TRY IT
In the entries below, find the line with "Set of crochet" and the line with "A close-up of". Reproduce those two lines and every line between them exactly, and nothing more.

DATASET RECORDS
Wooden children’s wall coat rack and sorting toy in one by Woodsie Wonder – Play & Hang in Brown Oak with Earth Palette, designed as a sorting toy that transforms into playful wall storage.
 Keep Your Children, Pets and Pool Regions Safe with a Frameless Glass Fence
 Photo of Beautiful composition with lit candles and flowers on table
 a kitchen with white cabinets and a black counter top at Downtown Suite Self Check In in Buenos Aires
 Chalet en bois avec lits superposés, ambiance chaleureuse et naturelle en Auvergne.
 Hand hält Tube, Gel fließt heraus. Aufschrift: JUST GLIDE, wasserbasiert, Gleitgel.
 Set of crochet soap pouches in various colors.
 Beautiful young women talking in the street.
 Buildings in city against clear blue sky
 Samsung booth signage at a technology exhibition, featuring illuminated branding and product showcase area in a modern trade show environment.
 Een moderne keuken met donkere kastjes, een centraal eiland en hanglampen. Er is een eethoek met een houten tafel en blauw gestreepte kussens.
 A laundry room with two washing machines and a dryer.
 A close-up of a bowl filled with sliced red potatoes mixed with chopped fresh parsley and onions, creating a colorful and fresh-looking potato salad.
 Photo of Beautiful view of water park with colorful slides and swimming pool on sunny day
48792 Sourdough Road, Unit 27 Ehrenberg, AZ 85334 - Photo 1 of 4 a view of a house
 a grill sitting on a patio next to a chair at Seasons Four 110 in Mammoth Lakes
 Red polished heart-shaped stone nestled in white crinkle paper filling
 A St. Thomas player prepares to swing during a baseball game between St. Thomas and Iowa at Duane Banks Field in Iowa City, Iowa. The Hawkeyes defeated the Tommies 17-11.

EXERCISE RESULT
 Set of crochet soap pouches in various colors.
 Beautiful young women talking in the street.
 Buildings in city against clear blue sky
 Samsung booth signage at a technology exhibition, featuring illuminated branding and product showcase area in a modern trade show environment.
 Een moderne keuken met donkere kastjes, een centraal eiland en hanglampen. Er is een eethoek met een houten tafel en blauw gestreepte kussens.
 A laundry room with two washing machines and a dryer.
 A close-up of a bowl filled with sliced red potatoes mixed with chopped fresh parsley and onions, creating a colorful and fresh-looking potato salad.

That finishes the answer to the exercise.